Works are currently not framed.
Frames are available upon request.
Paintings
Concepts in my works emerge through embodied engagement with materials. Over the years, the use of ink and water-based mediums became a 'clearing' that enable me to think about boundaries, agencies, and relationalities. I develop ‘pooling’, a painting method that emerged out of my lived experiences of being a 'cloud'. Apart from the obvious action of painting with bulks of water, ink, and pigments on substrates across extended period of time, ‘pooling’ draws largely from the traditional Chinese ink technique of pomo (潑墨)[splashed ink], and from my observations of wetlands. Their waterbodies fascinate me; they are never static, constantly shifting across surfaces over time, not to mention the myriads of organisms living in them. I am interested in the concepts of ‘latent commons’ and ‘multispecies assemblages’ (Tsing, 2015), in how contingency, unpredictability and vulnerability become sites of encounters where the not-yet-articulated can find its place.
My brushwork is mainly calligraphic, influenced by traditional scripts , techniques of xieyi(寫意) [writing ideas] and gongbi(工筆) [meticulous style], as well as by the experimental possibilities I have explored through the watercolour medium.
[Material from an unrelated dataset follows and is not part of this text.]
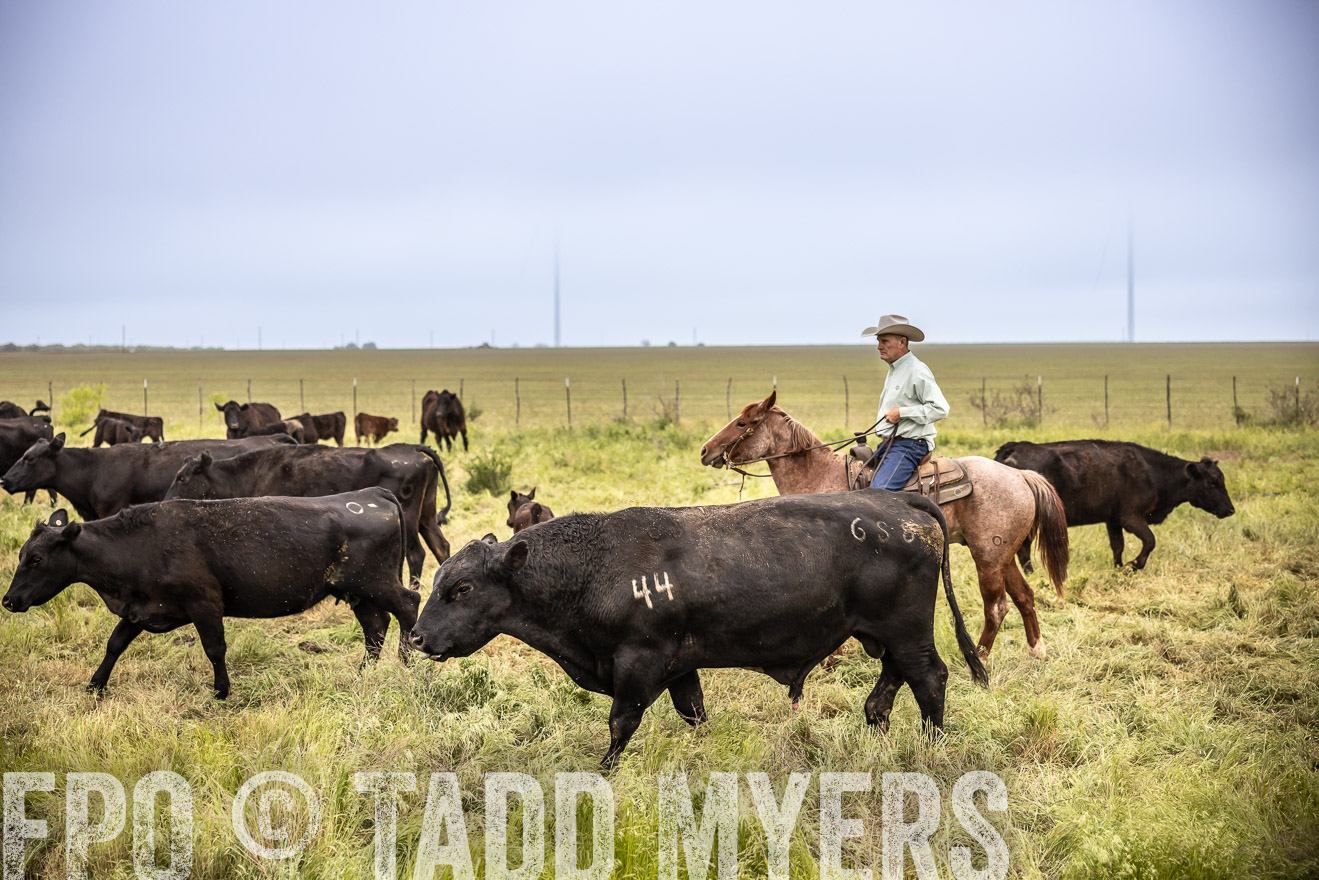 TMyers_PP_CircleBarRanch_TruscottTX_April2024-511297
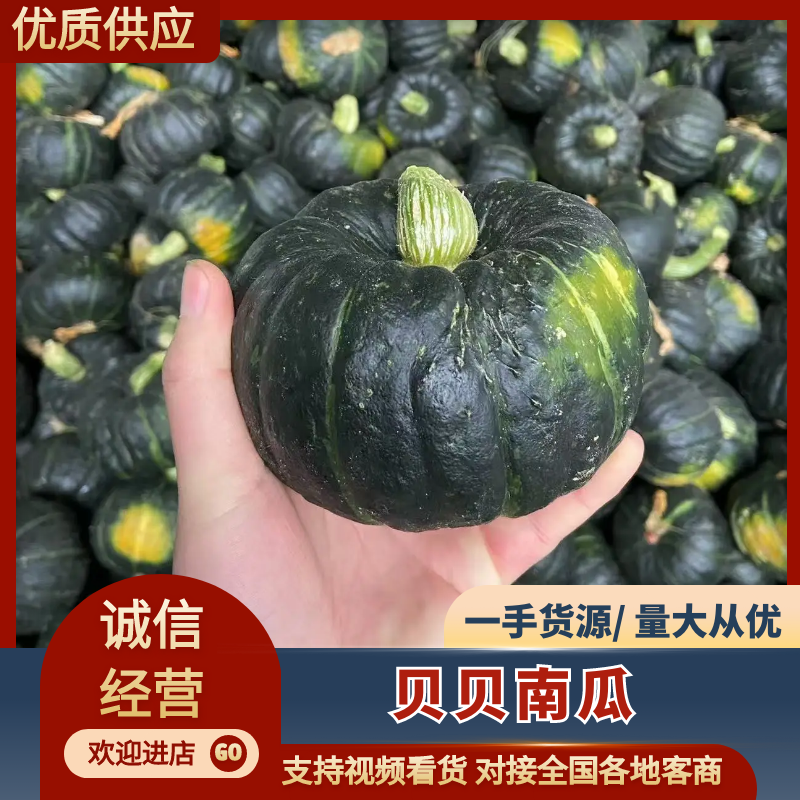 板栗南瓜，贝贝南瓜，陕西产区，现货速发欢迎选购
Years of working with these two similar yet fundamentally different types of mediums, have enabled me to combine and develop ways of communicate my ideas freely and authentically.
The concepts of 'being' and 'place' play significant roles in my work, with complex links to geography, culture, and identity. Living and practising between the UK and Singapore, I practise through a diasporic lens. In my ink paintings, I seek emergent knowledge in the interstices between multispecies that surrounds me, my Southeast Asian cultural heritage, and the in-between spaces I inherently find myself in.